This mutilated flesh, our victim,
Explains too nakedly, too well,
The spell of the asparagus garden,
The aim of our chalk-pit game; stamps,
Birds' eggs are not the same, behind the wonder
Of tow-paths and sunken lanes,
Behind the rapture on the spiral stair,
We shall always now be aware
Of the deed into which they lead, under
The mock chase and mock capture,
The racing and tussling and splashing,
The panting and the laughter,
Be listening for the cry and stillness
To follow after: wherever
The sun shines, brooks run, books are written,
There will also be this death.
Today we celebrate the goodness of the day God died. For Christians this day defines who God is, for others this day proves that our religion is untrue because gods don't die. What strikes me today is the ordinariness of this day. I had my morning coffee, I will fix dinner tonight, I will take my daughter to playgroup. Perhaps Good Friday doesn't disrupt my life enough. Our church is holding services/events on Thursday, Saturday, and Sunday this year. So Good Friday must be remembered in the ordinariness of everyday life.

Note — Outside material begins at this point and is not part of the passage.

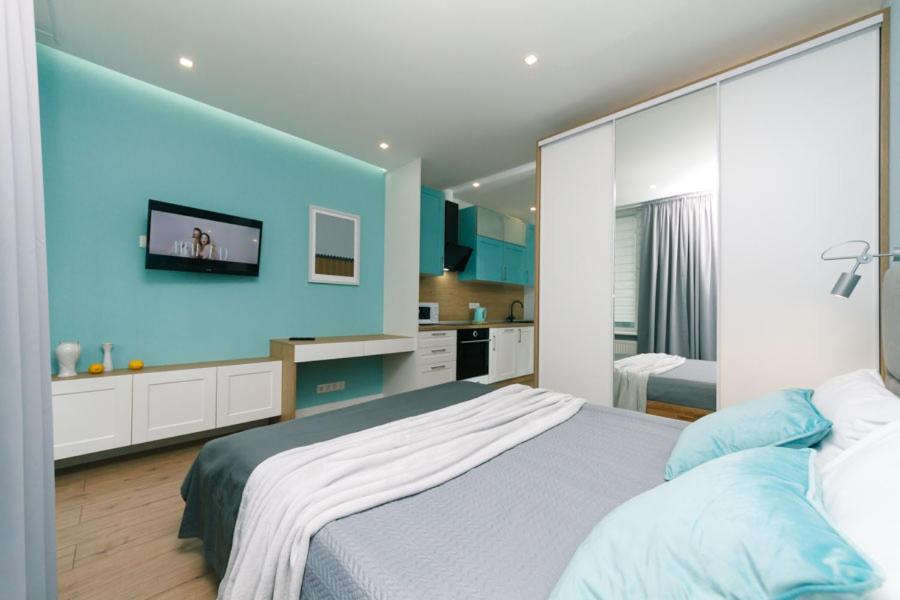 Happy apartment, warmth, comfort, turquoise Kiev Extérieur photo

But isn't that as it should be? That the death of Christ should influence and change everything? That enacting the ritual of the everyday should be imbued with the significance of Christ? That there is something different about changing the diapers, cutting the grass, or doing the dishes because of this death?

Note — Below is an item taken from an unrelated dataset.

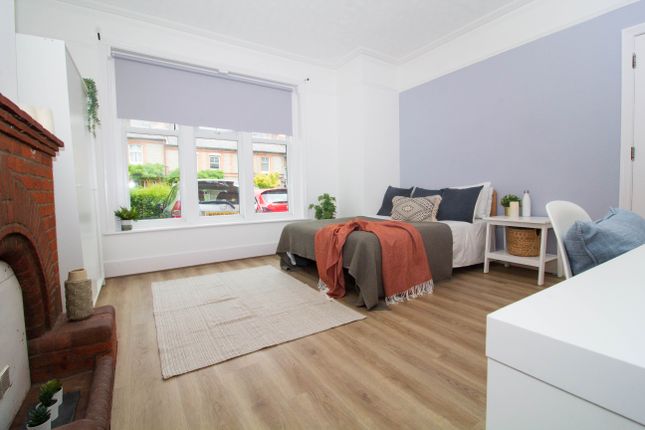 Thumbnail Terraced house to rent in Upper Redlands Road, Reading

But that change occurs in two ways. At first those habits seem so ordinary as to be meaningless. In the shadow of cosmic redemption dramas, our daily actions seem so pointless and boring. Yet at the same time in light of the call that cosmic drama gave to each of us, those actions now take on new meaning. They become part of the drama, a way of identifying with the story. Acts of remembrance and service and hope.
So I will walk through my everyday rituals today in hope. In knowing that this day is good and that this death has changed the ordinary forever.